Process Crimes, Perjury Traps, and the Criminalization of Politics: The legacy of George H.W. Bush
The passing of President George H.W. Bush this week presented Americans with an opportunity to reflect on a life lived in service to the United States. A child of privilege, at age 18 Bush nevertheless volunteered for the military after Pearl Harbor. A bomber pilot who survived after his plane was shot down, Bush would go on to become a congressman, director of the Central Intelligence Agency, vice president, and, ultimately, president of the United States. As president, he mobilized an international coalition to eject Saddam Hussein from Kuwait and presided over the fall of the Soviet Union and the collapse of the Iron Curtain. After leaving the White House, his work with Bill Clinton on tsunami relief and recovery projects in the wake of other natural disasters brought help to millions even as it cast a positive light on the United States of America.

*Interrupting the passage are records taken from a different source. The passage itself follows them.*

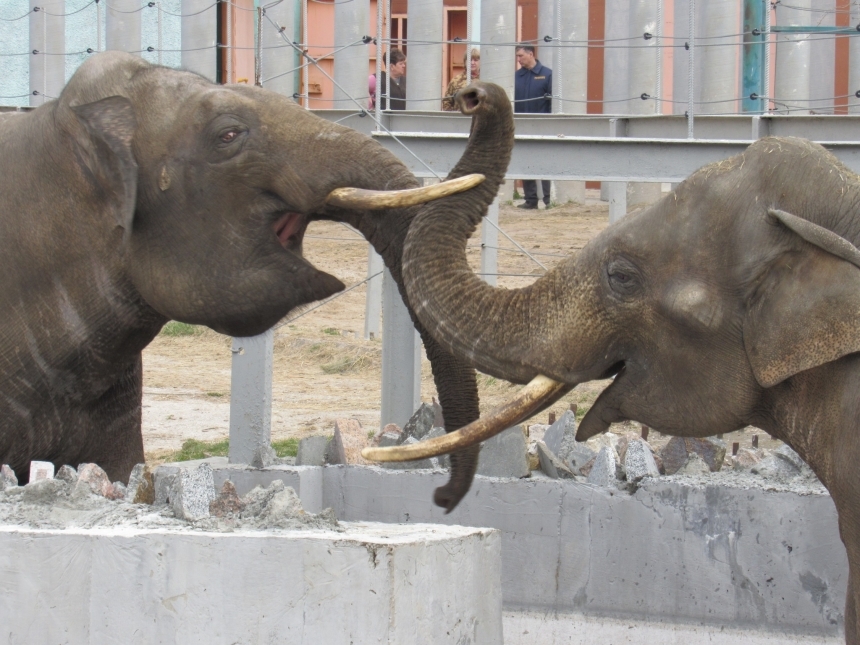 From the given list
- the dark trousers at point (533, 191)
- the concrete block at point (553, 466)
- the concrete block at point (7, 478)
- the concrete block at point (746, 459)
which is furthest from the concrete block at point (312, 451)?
the dark trousers at point (533, 191)

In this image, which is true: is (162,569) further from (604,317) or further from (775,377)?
(775,377)

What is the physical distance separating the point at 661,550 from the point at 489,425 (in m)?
1.89

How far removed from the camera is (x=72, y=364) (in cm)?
425

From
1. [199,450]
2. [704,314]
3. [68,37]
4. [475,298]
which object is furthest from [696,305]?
[68,37]

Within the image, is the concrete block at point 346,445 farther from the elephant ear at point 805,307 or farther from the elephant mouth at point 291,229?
the elephant ear at point 805,307

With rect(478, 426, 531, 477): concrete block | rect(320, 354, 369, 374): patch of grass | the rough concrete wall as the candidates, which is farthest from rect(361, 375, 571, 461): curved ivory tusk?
rect(320, 354, 369, 374): patch of grass

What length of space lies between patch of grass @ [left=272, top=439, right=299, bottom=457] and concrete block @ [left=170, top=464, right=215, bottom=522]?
18.4 ft

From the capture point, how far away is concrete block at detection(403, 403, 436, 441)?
21.6 ft

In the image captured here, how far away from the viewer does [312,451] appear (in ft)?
19.7

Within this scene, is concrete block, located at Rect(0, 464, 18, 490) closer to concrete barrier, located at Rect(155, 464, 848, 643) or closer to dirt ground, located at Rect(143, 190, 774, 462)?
concrete barrier, located at Rect(155, 464, 848, 643)

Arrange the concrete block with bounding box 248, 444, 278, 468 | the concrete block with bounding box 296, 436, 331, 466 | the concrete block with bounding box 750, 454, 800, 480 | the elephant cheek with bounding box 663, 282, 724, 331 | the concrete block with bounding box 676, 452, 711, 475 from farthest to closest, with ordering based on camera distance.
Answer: the concrete block with bounding box 296, 436, 331, 466, the concrete block with bounding box 248, 444, 278, 468, the concrete block with bounding box 676, 452, 711, 475, the concrete block with bounding box 750, 454, 800, 480, the elephant cheek with bounding box 663, 282, 724, 331

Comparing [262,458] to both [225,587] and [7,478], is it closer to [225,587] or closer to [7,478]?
[7,478]

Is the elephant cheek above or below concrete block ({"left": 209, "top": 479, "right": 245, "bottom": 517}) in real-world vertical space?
above

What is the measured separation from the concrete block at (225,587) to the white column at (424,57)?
5.90 metres
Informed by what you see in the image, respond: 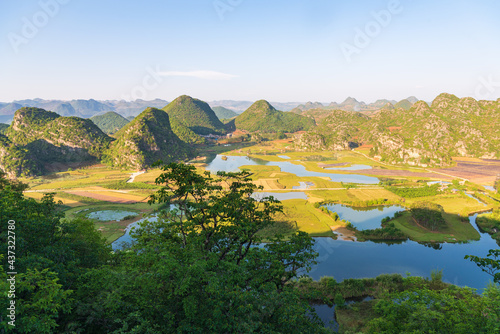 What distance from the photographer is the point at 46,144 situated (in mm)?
141500

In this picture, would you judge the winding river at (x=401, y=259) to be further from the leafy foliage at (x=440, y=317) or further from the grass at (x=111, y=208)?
the leafy foliage at (x=440, y=317)

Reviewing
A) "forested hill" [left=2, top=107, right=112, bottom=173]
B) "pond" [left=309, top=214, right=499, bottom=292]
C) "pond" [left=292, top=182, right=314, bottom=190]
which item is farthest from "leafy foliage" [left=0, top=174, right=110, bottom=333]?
"forested hill" [left=2, top=107, right=112, bottom=173]

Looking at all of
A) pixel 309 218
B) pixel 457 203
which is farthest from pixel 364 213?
pixel 457 203

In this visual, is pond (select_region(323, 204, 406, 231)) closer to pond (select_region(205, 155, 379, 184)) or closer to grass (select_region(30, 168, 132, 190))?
pond (select_region(205, 155, 379, 184))

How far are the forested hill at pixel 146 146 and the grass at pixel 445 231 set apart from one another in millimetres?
112539

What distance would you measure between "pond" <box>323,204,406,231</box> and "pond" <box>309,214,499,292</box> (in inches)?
356

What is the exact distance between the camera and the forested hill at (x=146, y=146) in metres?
138

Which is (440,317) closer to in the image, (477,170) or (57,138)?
(477,170)

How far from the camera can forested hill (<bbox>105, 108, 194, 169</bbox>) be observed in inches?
5443

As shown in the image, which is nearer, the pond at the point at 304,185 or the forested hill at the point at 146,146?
the pond at the point at 304,185

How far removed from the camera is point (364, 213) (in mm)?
67500

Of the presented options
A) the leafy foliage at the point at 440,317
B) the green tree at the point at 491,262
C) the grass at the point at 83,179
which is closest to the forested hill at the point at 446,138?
the leafy foliage at the point at 440,317

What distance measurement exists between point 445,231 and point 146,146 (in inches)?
5733

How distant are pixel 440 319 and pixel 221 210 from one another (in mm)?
16286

But the hagiographies of the moment should not obscure George H.W. Bush's disservice to the nation. Bush, who as a Senate candidate opposed the "radical" Civil Rights Act of 1964 "passed to protect 14 percent of the people," was just one in the 50--year roster of Republicans who benefitted from sinister racial politics. The same man who in 1980 rightly mocked Ronald Reagan's promise to slash taxes, raise defense spending, and balance the budget as "voodoo economics" only eight years later declared "read my lips: no new taxes" even as the national debt tripled in the interim. Out of touch with the AIDS crisis and a faltering economy at home, President Bush urged Iraqi Shiites and Kurds to rise up against Saddam Hussein, only to stand by as 100,000 were slaughtered after responding to his clarion call.
But of all the blemishes on the decidedly mixed record of President George Herbert Walker Bush, no stain is more indelible than his Christmas 1992 pardons of six key players from the Iran-Contra scandal. With that move, Bush didn't merely intervene in an ongoing investigation in which he was a subject. It was Poppy Bush who introduced an expression into the American political lexicon-- "the criminalization of policy differences"--which would become the go-to defense for virtually all Republican criminality and wrongdoing ever since. From the outing of covert CIA operative Valerie Plame and the purge of U.S. attorneys to his son's regime of detainee torture and now the myriad Trump-Russia scandals, Bush's despicable "criminalization of politics" cry lives on.